Prepare to enter the wild and wooly world of an adult with Aspergers Syndrome, a form of autism characterized by intellignce, quirks, social difficulties and downright strange and oddish behaviours.

People with Aspergers generally are high functioning in everyday life but have great difficulty connecting with others due to the inability to read faces, body language and subtle verbal clues. They also tend to take words literally and have a hard time multi-tasking.

Oversensitivity to touch (clothing has to be soft and often the tags removed), light (do not leave home without the sunglasses), sound (loud noises and noisey places are avoided), taste (many Aspies have quite a limited diet and are frequently very picky eaters) and smells makes the everyday existence more of a challenge.

Fasten your seatbelts and come on in...
To find out more about what Aspergers is..please check out my earliest blog entries

Sunday, July 10, 2022

I had to teach myself positive emotions

 

I Had To Teach Myself What “Good” Felt Like

I am unique and extremely bizarre. The way in which I was raised could be categorized as sick, twisted, sadistic, and perverted. My dad and grandmother taught me to be both their whore and whore to many other strangers and men.
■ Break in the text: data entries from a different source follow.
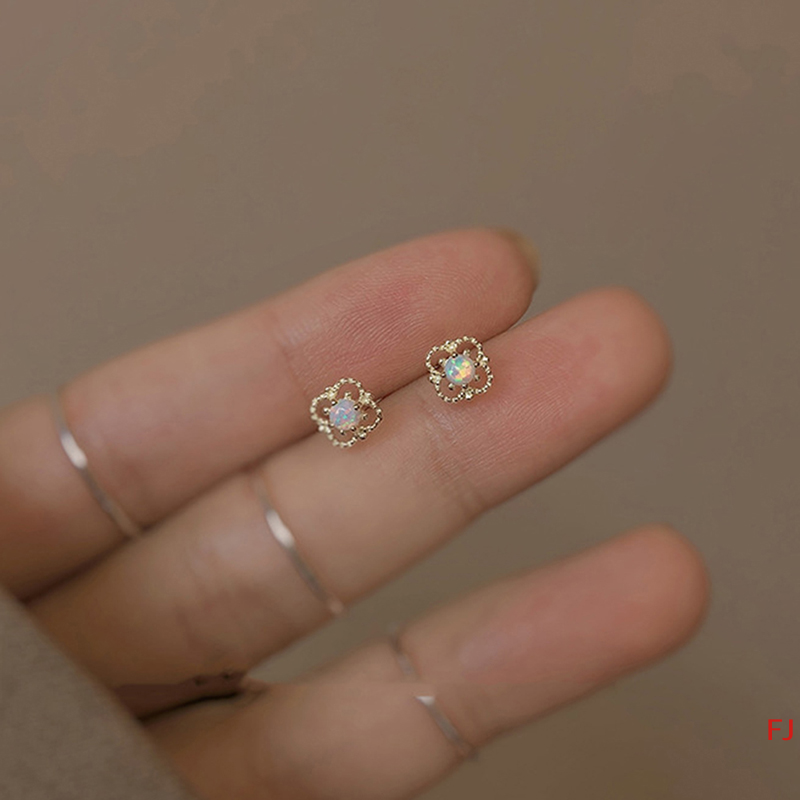 💕FJ💕 Hoa Stud Bông tai nữ mini tối giản thích hợp thiết kế rỗng Moonstone hoa nhỏ Bông tai bông tai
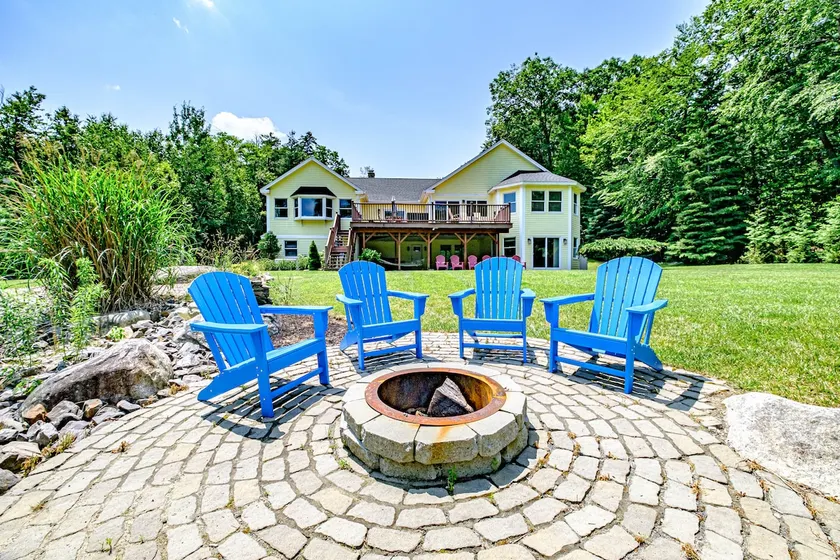Stunning Sebago Lake House w. Game Room & Dock - Image 1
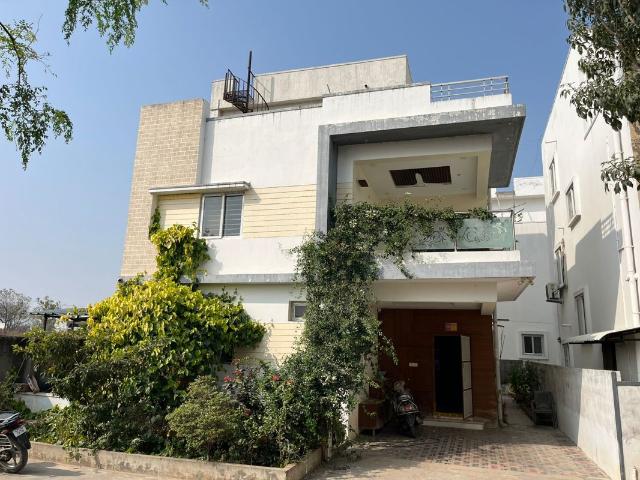Resale | 4 BHK + Pooja Room 2700 Sq.Ft. Villa in Lakshmi Bhavna GLC CRIBS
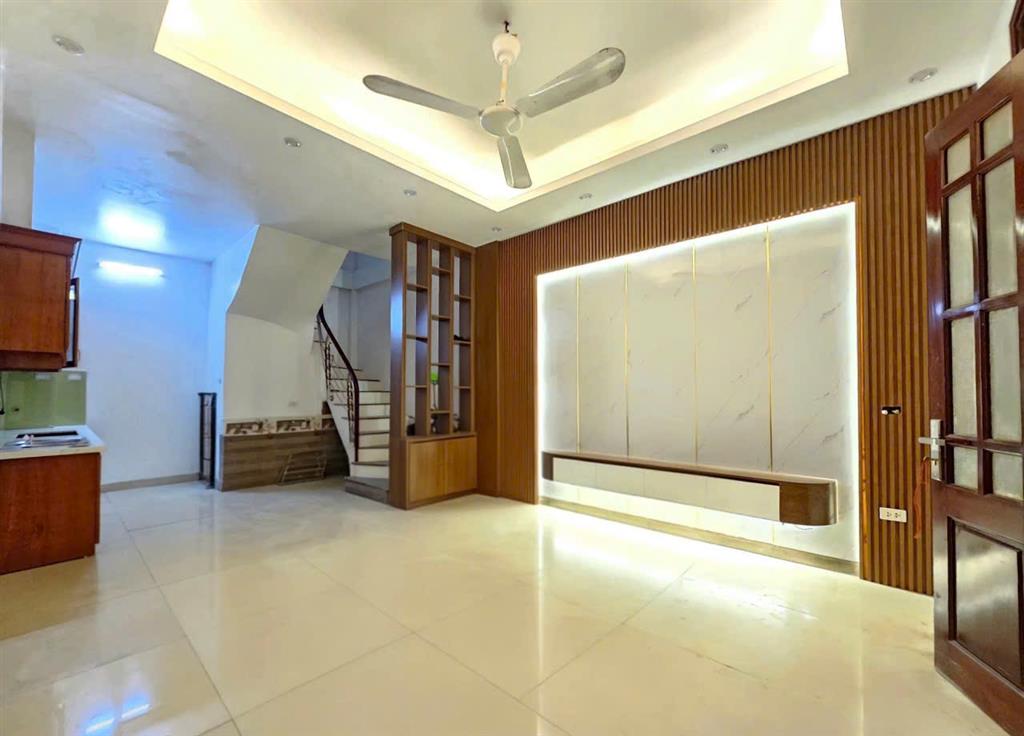 BÁN NHÀ THẠCH BÀN – LONG BIÊN  5 TẦNG – FULL NỘI THẤT – GIÁ TỐT
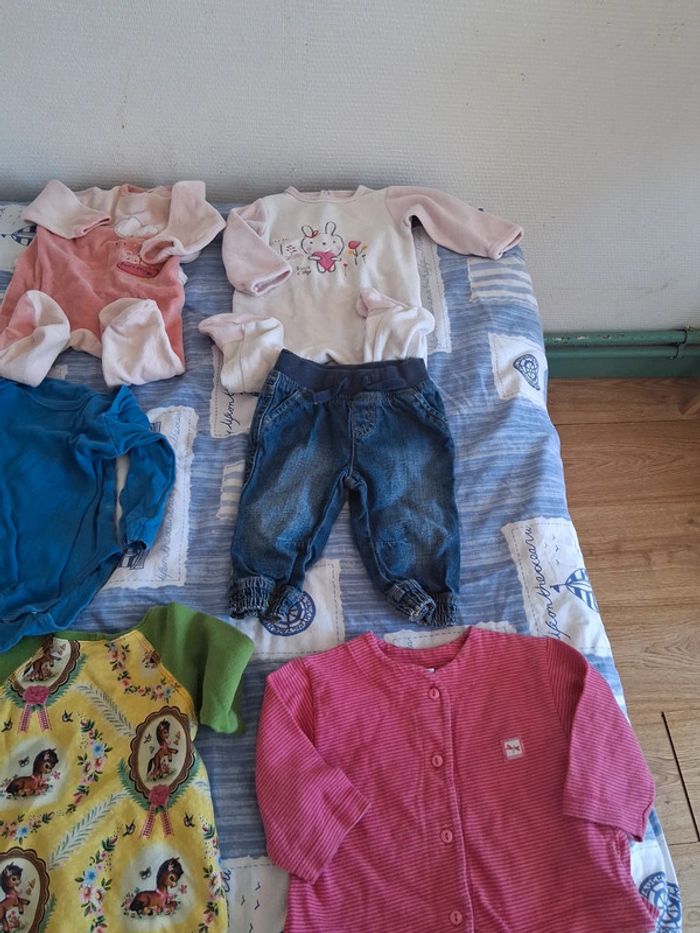 Lot vêtements fille 6 mois - photo numéro 9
In a way, it was to my emotional wellbeing that I never experienced happiness, excitement or joy because I felt my miserable existence was perfectly normal. I did not miss out on my childhood, rather, it was just a childhood with a different scale, an emotional measurement. I think most unabused people have a wide range of emotions from a 1 which is very bad, awful to 100 which is pure happiness and bliss. My scale simply measured bad, worse, awful or agony. It was a very small, narrow scale of emotions that I had to work with. In a nutshell, things that happened to be were on a scale of badness. If it wasn’t bad, I did not know how to categorize it. The only positive thing I can remember from my childhood is birthday cake. Birthday Cake was great!!

I felt no love, only handling and use and care not to cause me enough harm that I’d end up at the hospital or require medical care. I could be used but not handled too roughly. There was no love there.

When I moved to Oregon, I started going for walks in these big, beautiful and bountiful old growth forests lush with carpets of ferns under foot and trees wearing blankets of hanging moss. As I walked, I felt not bad. But I could describe it no further. So, I tried something. I started repeating “this is good”, “this is what good feels like”, “this is what not hurt feels like”, “I like how this feels; this feels good”. And I walked and walked and repeated these new and strange thoughts. I was pretty sure that what I was feeling was a positive emotion and I guessed that the feeling was “Good”. Before that, I didn’t really have first-hand knowledge of what Good felt like. I had to teach it to me. I discovered I could feel Good. And I let that feeling grow.

My emotional growth had been stunted, stomped on and eradicated to the point that I had only experience with negative physical feelings. Growing up there was no one feeding me love, care or kindness. It was a devoid, empty and flatline way to live but it was all I knew.

I’ve been expanding and growing. I’m becoming aware of the telltale signs that what I am doing or where I am “feels good”. I’ll notice a subtle or wide smile upon my face. I’ll notice a warmth in my heart and tears of wonder and happiness falling on my face. No one taught me this. There was no one demonstrating these emotions to me. I have had to teach myself what others innately know or have most likely experienced.

God, I know I am bizarre and my upbringing, my days have been filled with agony, torture, unbelievable perversion and crimes committed against me by those called family.

I’m 59 years old and I am just finding the words to explain an existence beyond outrageous.